> **Try it**
Copying rule for the data below: pictures stay out, and only the lines from the one with "PYGMY Commerce SaaS platform screenshot" down to the one with "开发和运维哪个难学（运维和前端开发哪个比较难）-图1", inclusive, are repeated exactly.

> **Exercise materials**

****************

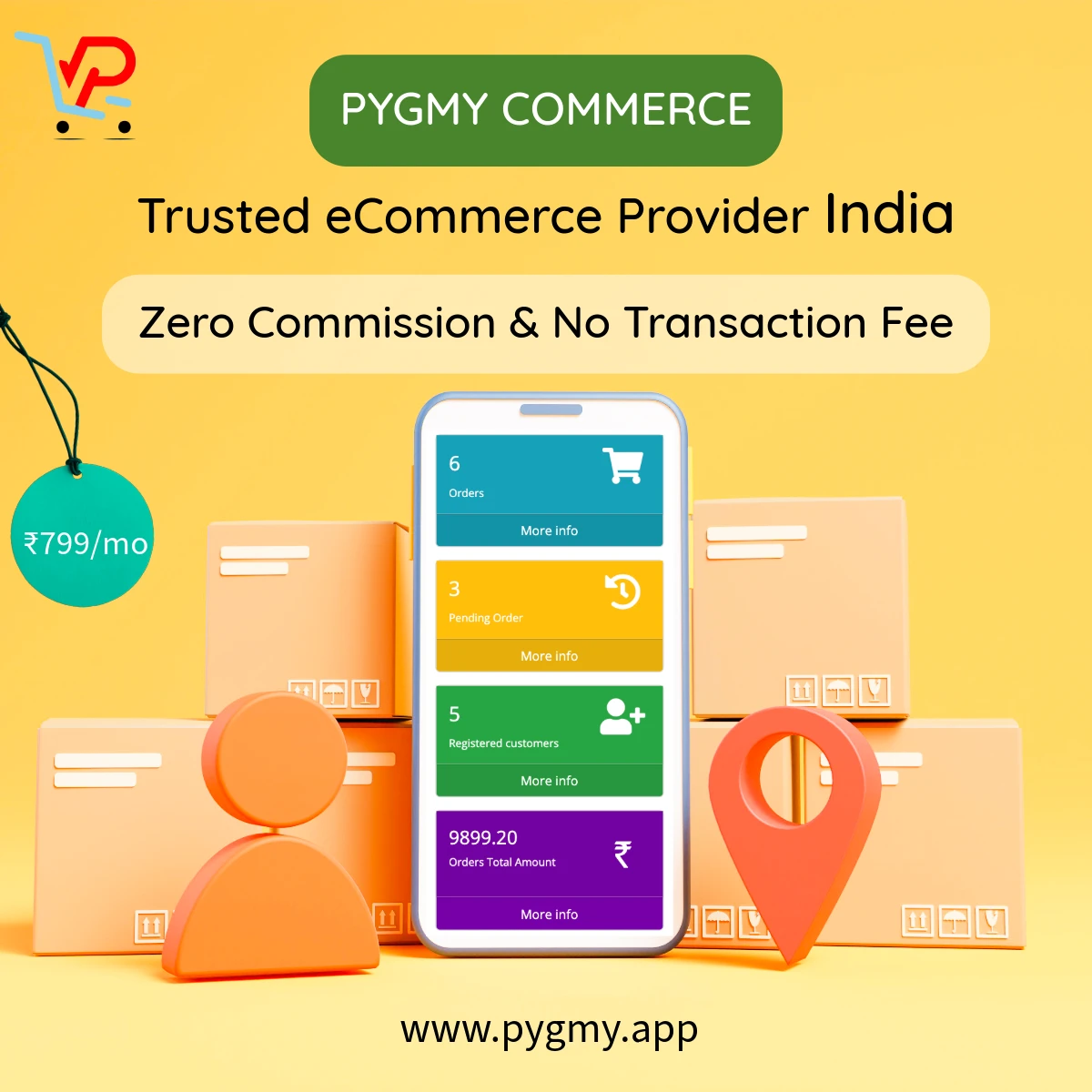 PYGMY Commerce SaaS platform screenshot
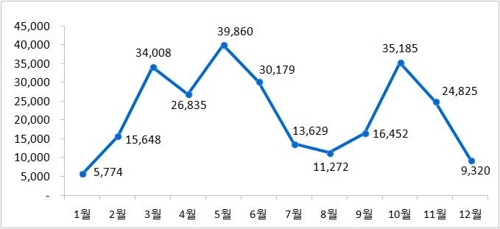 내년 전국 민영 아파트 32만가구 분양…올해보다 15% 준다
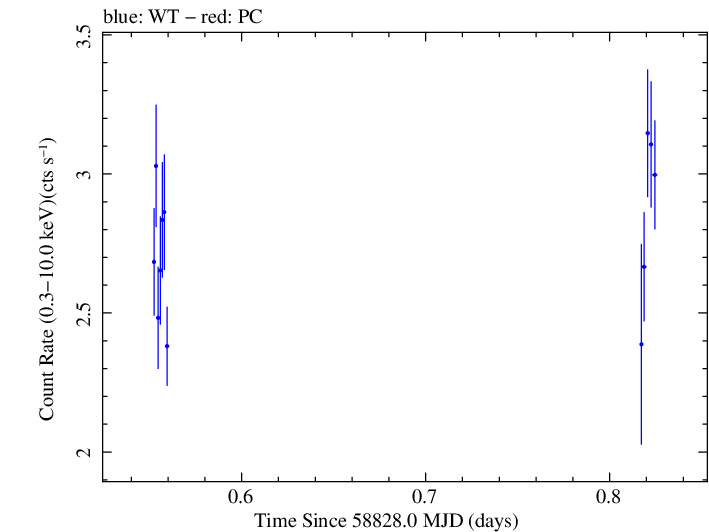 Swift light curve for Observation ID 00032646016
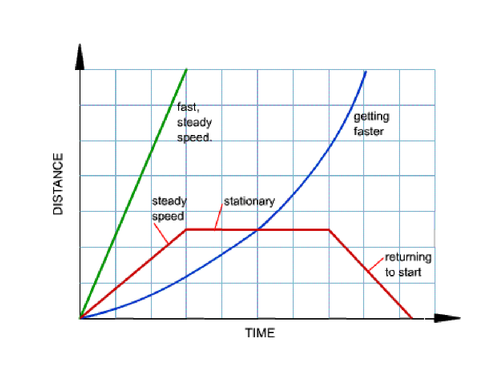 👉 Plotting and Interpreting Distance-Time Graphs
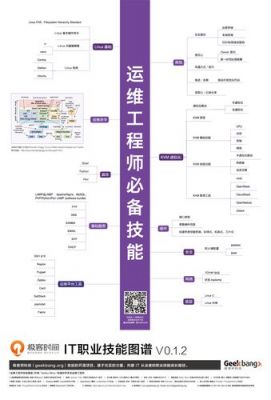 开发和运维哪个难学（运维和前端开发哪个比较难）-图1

****************

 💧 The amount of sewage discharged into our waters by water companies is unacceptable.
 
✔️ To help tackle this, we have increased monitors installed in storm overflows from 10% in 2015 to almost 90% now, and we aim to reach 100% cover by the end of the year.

****************

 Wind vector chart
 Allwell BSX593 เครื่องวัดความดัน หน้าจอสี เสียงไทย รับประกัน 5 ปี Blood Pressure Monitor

****************

> **Task output**
 PYGMY Commerce SaaS platform screenshot
 내년 전국 민영 아파트 32만가구 분양…올해보다 15% 준다
 Swift light curve for Observation ID 00032646016
 👉 Plotting and Interpreting Distance-Time Graphs
 开发和运维哪个难学（运维和前端开发哪个比较难）-图1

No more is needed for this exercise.